Heat the butter and oil in a pot, add the cumin seeds, cardamom and cinnamon. When the cumin starts to splutter, add the fenugreek leaves followed by the onions and fry until they are translucent and starting to brown. Then add the ginger and garlic paste and the green chillies, fry them for a minute then add the cubed tomatoes and the tomato paste plus the tandoori masala, turmeric powder, chilli powder, coriander powder and cumin powder.
Cook on high heat for a few minutes, then lower to a simmer and cook until the tomatoes are mushy, fragrant and well-cooked and some oil begins to get released from the sides. Turn off the heat, and remove the cinnamon stick and the cardamom pods from the mixture. Let it cool slightly, then put the mixture in a blender and blend until smooth. Return the mixture into your pot, season with a bit of salt and the sugar. You can add a tiny bit of warm water at this stage if you want extra gravy. Bear in mind that the gravy will thicken slightly once the cream goes into it.

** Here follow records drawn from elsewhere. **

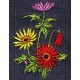 Design: Nature>Flowers>Daisies - Barberton daisies
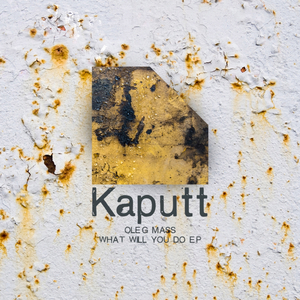 What Will You Do (Original Mix)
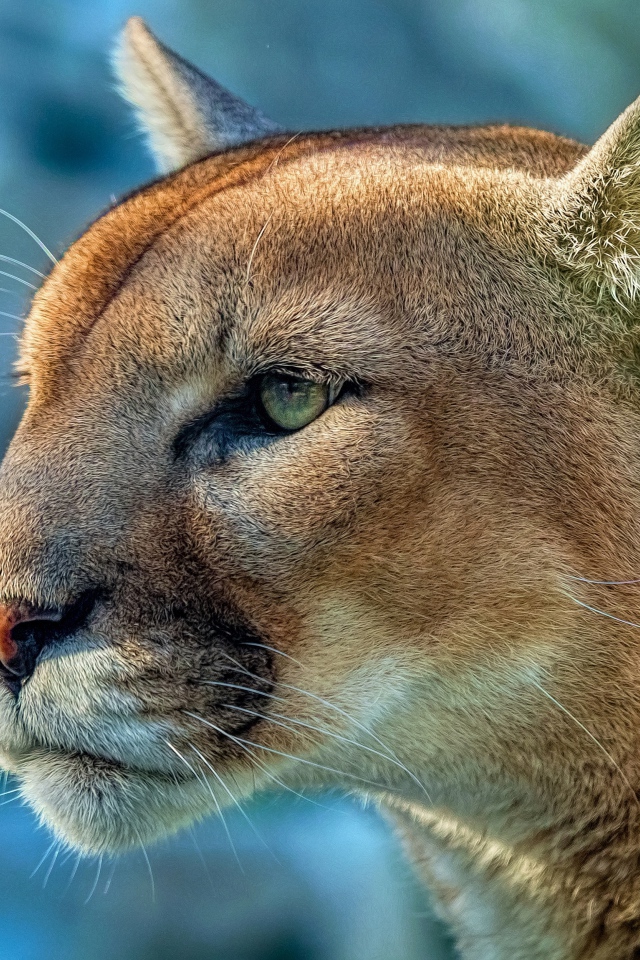 Морда грозной пумы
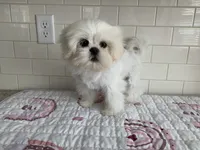 Tofu , a female Shih Tzu for sale in San Jose, CA – 4 of 10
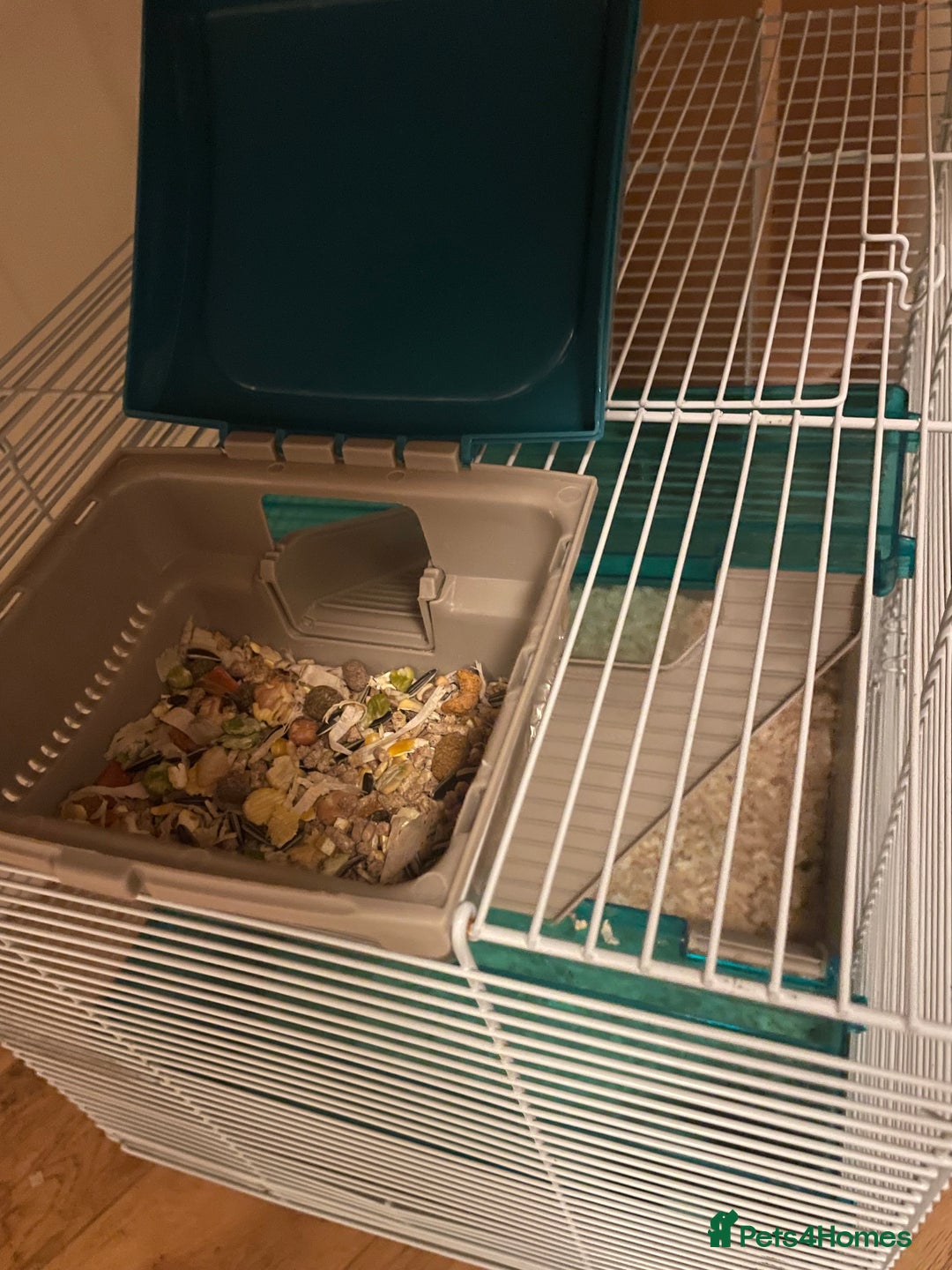 Hamster rodents for sale: friendly Hamster  - Advert 6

Remove the paneer cubes from the warm water and add them into the gravy. Mix well then add the cream and garam masala and simmer together for about 3 minutes until the gravy thickens and coats the paneer cubes well. Adjust seasoning. Switch off and garnish with chopped coriander. Serve over rice or with naan. You can add a blob of butter or drizzle some cream for a lovely appearance if you want when you serve the dish. Enjoy!